▶ **Directions for this task**: Entries below include pictures. Output exactly the lines from the one with "AIME benchmark saturation" down to the one with "財政赤字什么意思(財政赤字是財政政策嗎)-添財網", both ends included, and leave the pictures out.

▶ **Records provided**:
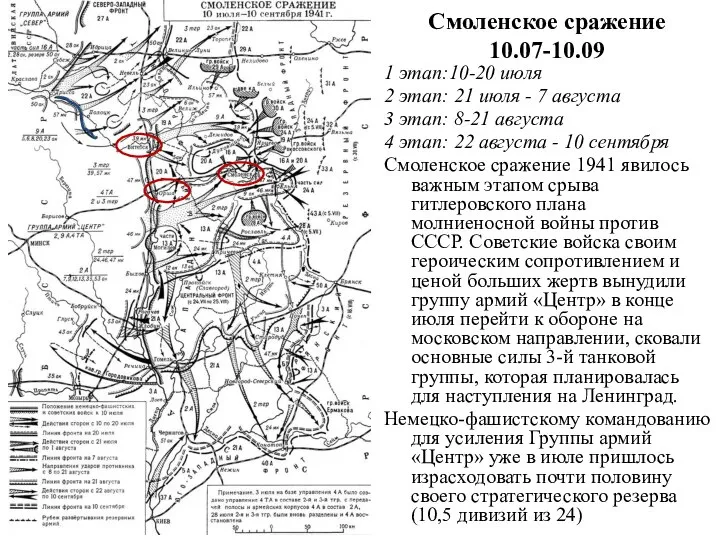 Смоленское сражение 10.07-10.09 1 этап:10-20 июля 2 этап: 21 июля -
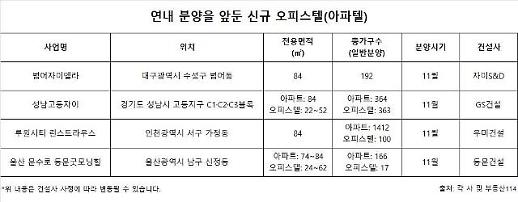 [알뜰테크]실거주·투자 두 마리 토끼잡는 주거용 오피스텔 주목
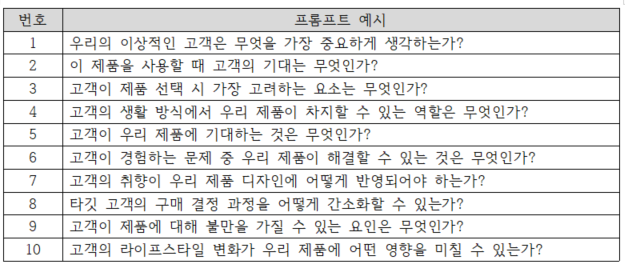 타겟 고객 분석을 위한 프롬프트 예시
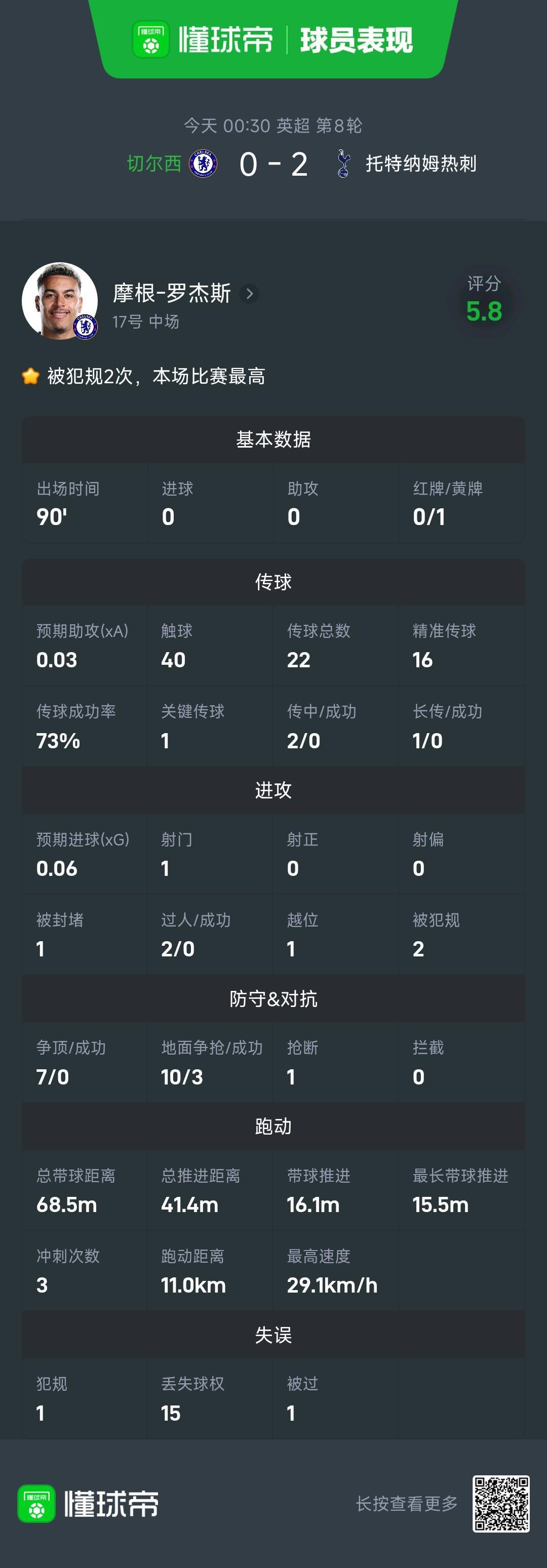 数据辣眼，罗杰斯对阵热刺15次丢失球权+0射正、0成功过人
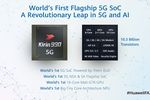 Huawei Kirin 990.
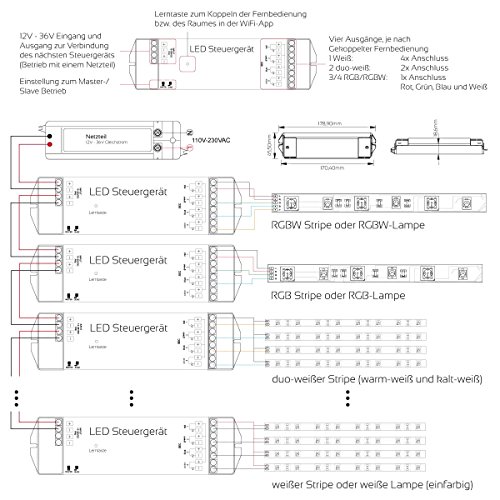 iluminize LED Controller, 750 Hz (flicker-free), 4 x 5 A, for white/duo-white/RGB/RGB+W/RGBW LEDs, 12 V-36 V constant voltage - Image 2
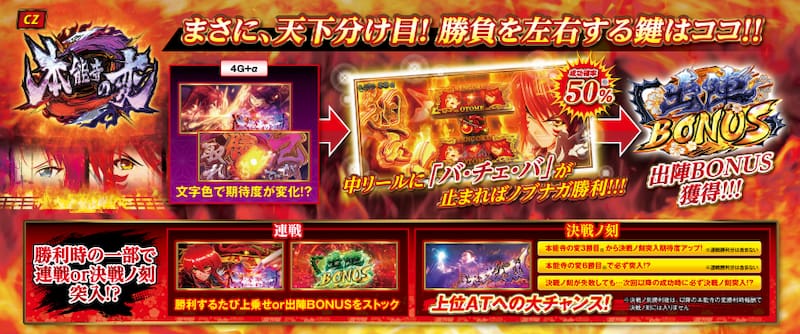 L戦国乙女5業火を穿つ宿焔の双刃　AT中CZ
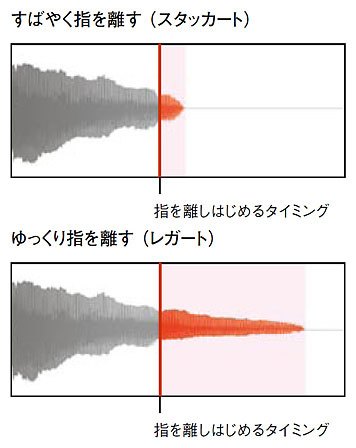ヤマハ | CLP-S406 - Clavinova（クラビノーバ） - 特長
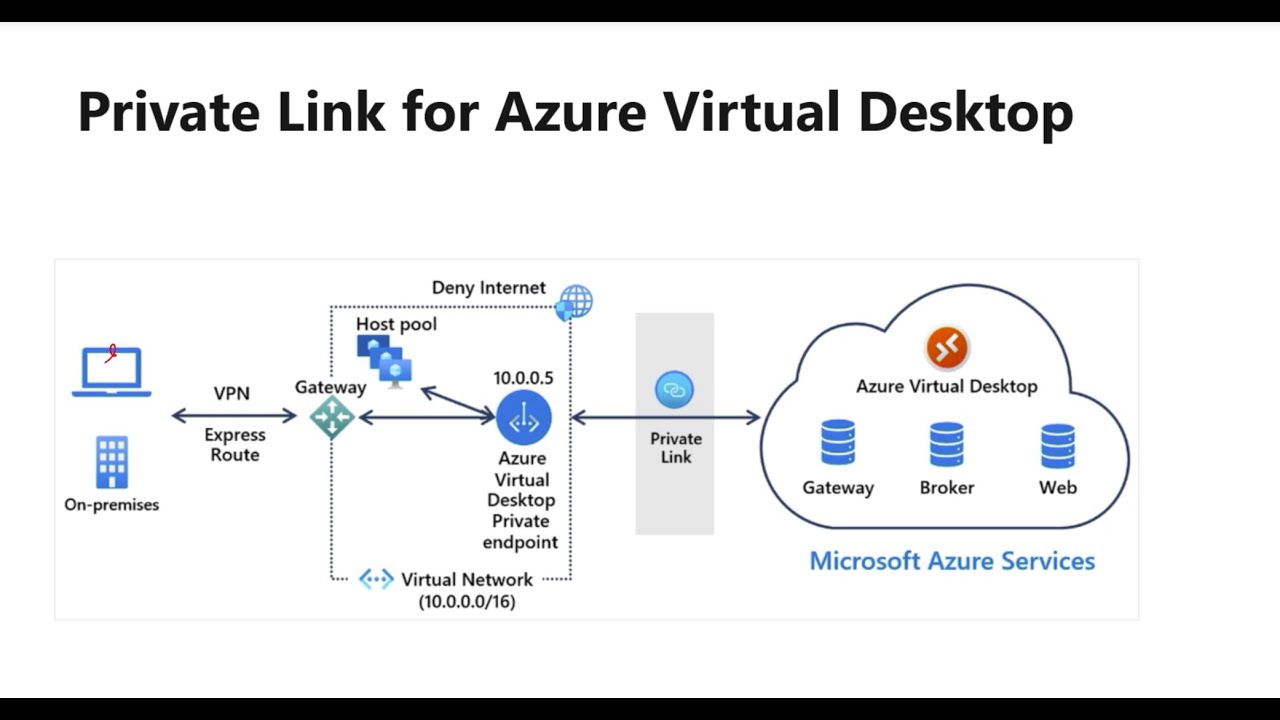 Private Link for Azure Virtual Desktop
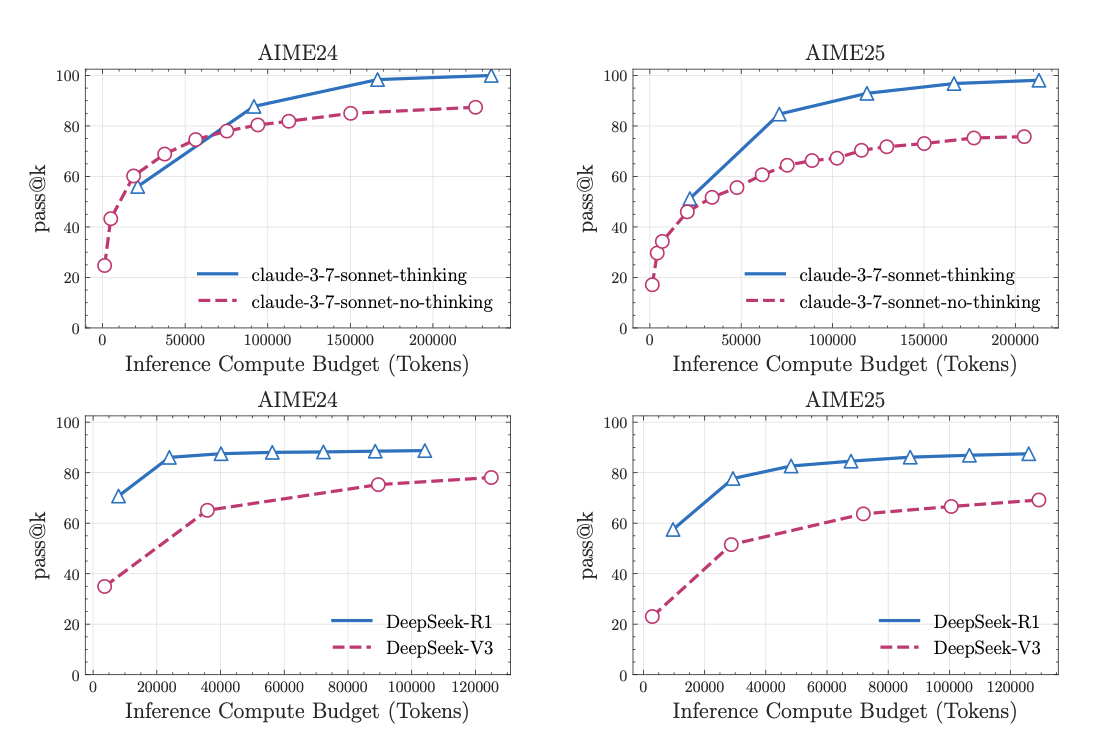 AIME benchmark saturation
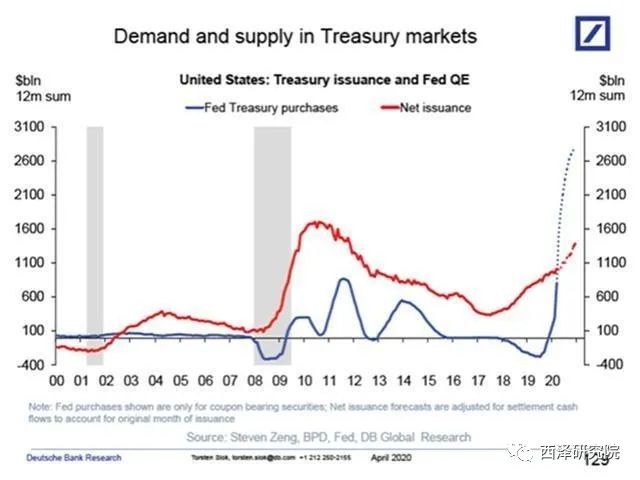財政赤字什么意思(財政赤字是財政政策嗎)-添財網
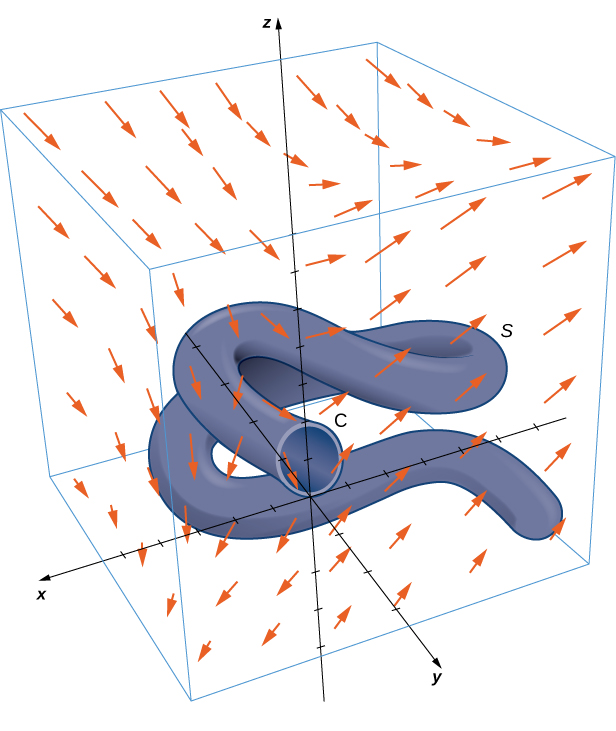 A diagram of a complicated surface S in a three dimensional vector field. The surface is a cylindrical tube that twists about in the three-dimensional space arbitrarily. The upper end of the tube is an open circle leading to inside the tube. It is centered on the z-axis at a height of z=1 and has a radius of 1. The bottom end of the tube is closed with a hemispherical cap on the end. The vector arrows are best described by their components. The x component is positive everywhere and becomes larger as z increases. The y component is positive in the first and third octants and negative in the other two. The z component is zero when y=x and becomes more positive with more positive x and y values and more negative in the other direction.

▶ **Task output**:
 AIME benchmark saturation
財政赤字什么意思(財政赤字是財政政策嗎)-添財網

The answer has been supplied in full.